Con contradicciones y dificultades, lo cierto es que a través del abandono de la simulación democrática en un sentido de competencia electoral la revolución cubana logró depurarse de una oposición dispuesta a transar con el enemigo. De esa manera le fue posible mantenerse en el poder político defendiendo a su nación de la injerencia de terceros. Democracia en un sentido estricto.

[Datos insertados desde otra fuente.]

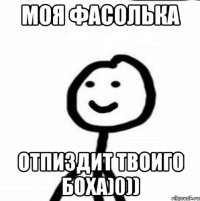 Моя фасолька Отпиздит твоиго боха)0))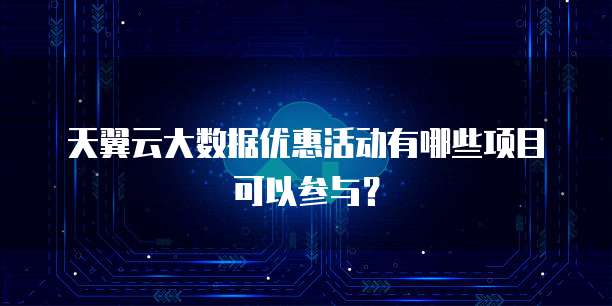 天翼云大数据优惠活动有哪些项目可以参与?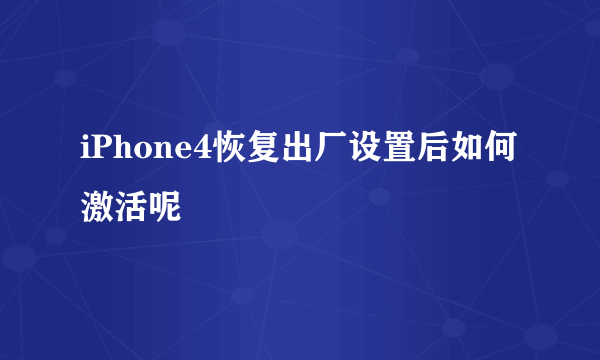 iPhone4恢复出厂设置后如何激活呢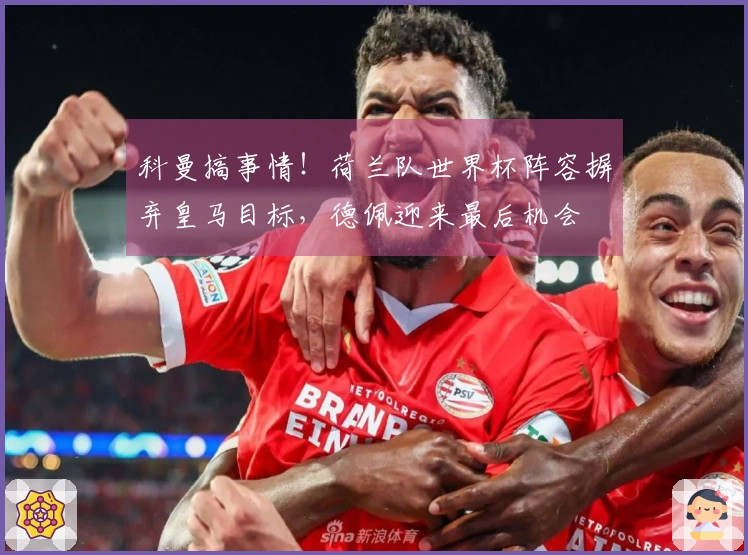 科曼搞事情！荷兰队世界杯阵容摒弃皇马目标，德佩迎来最后机会
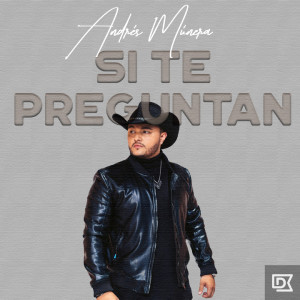 ดาวน์โหลดและฟังเพลง Si Te Preguntan (Explicit) พร้อมเนื้อเพลงจาก Andres Munera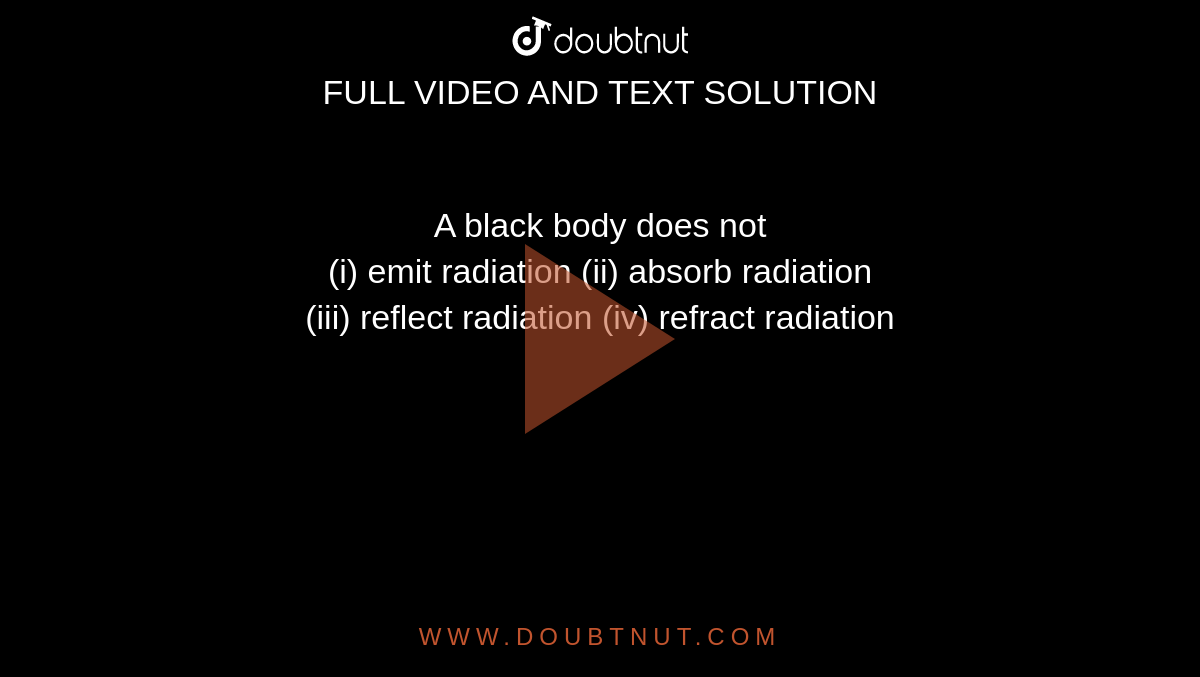 A black body does not <br> (i) emit radiation    (ii) absorb radiation <br> (iii) reflect radiation         (iv) refract radiation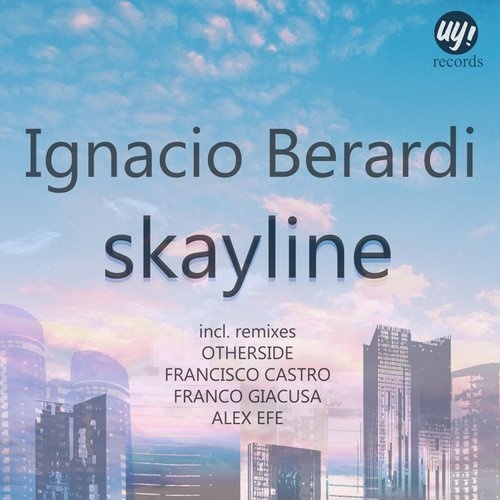 Ignacio Berardi - Skayline [UY005]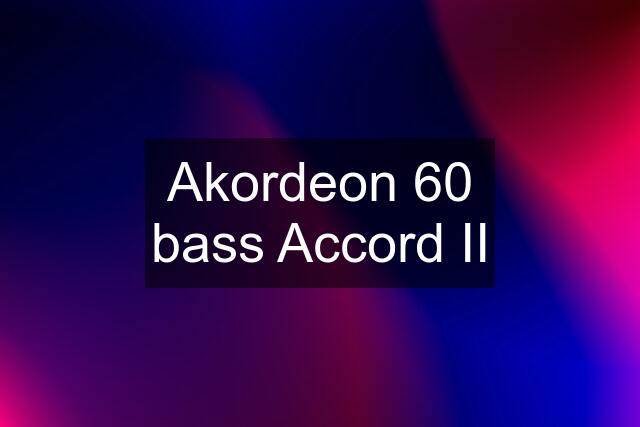 Akordeon 60 bass Accord II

El interrogante que surge entonces es si en algún momento de la historia la revolución chavista, amiga de la cubana y cercana ideológicamente a ella tomará el ejemplo de Fidel Castro y redefinirá el concepto de democracia en un sentido más estricto, o si por el contrario seguirá permitiendo que la inercia la arrastre hasta derrotarla por completo. No son pocas las voces que a raíz de la encerrona electoral están dispuestas a facilitar una intervención extranjera directa en territorio venezolano. Maduro deberá estar dispuesto a poner el cuerpo y los recursos militares a su alcance para defender la soberanía de su pueblo si de veras pretende resistir los embates de los poderes que usan de la simulación electoral para hacerse con el control efectivo de uno de los territorios más ricos en recursos de todo el mundo.

El propio Perón afirmó que el principal error que cometió ante el primer intento de golpe de Estado en su contra, llevado adelante en septiembre de 1951, fue pecar de benévolo, perdonando la vida de quienes habían atentado contra él y consigo, contra el pueblo argentino. En ese momento, el líder de la revolución justicialista consideró inapropiado aniquilar las células rebeldes con el objetivo de pacificar el país. Pero pocos años después de su derrocamiento, ya en el exilio en España, declararía: “Cometí un grave error. Yo debí haber decretado la movilización, comenzar por fusilar a todos los generales rebeldes y a todos los jefes y oficiales que estaban en la traición y dominar esa revolución violentamente como violentamente nos querían arrojar del poder”.

La verdadera democracia es aquella donde el gobierno hace lo que el pueblo quiere y defiende un solo interés: el del pueblo. Un líder democrático debe hacer todo a su alcance para defender a su pueblo. Quien quiera oír, que oiga.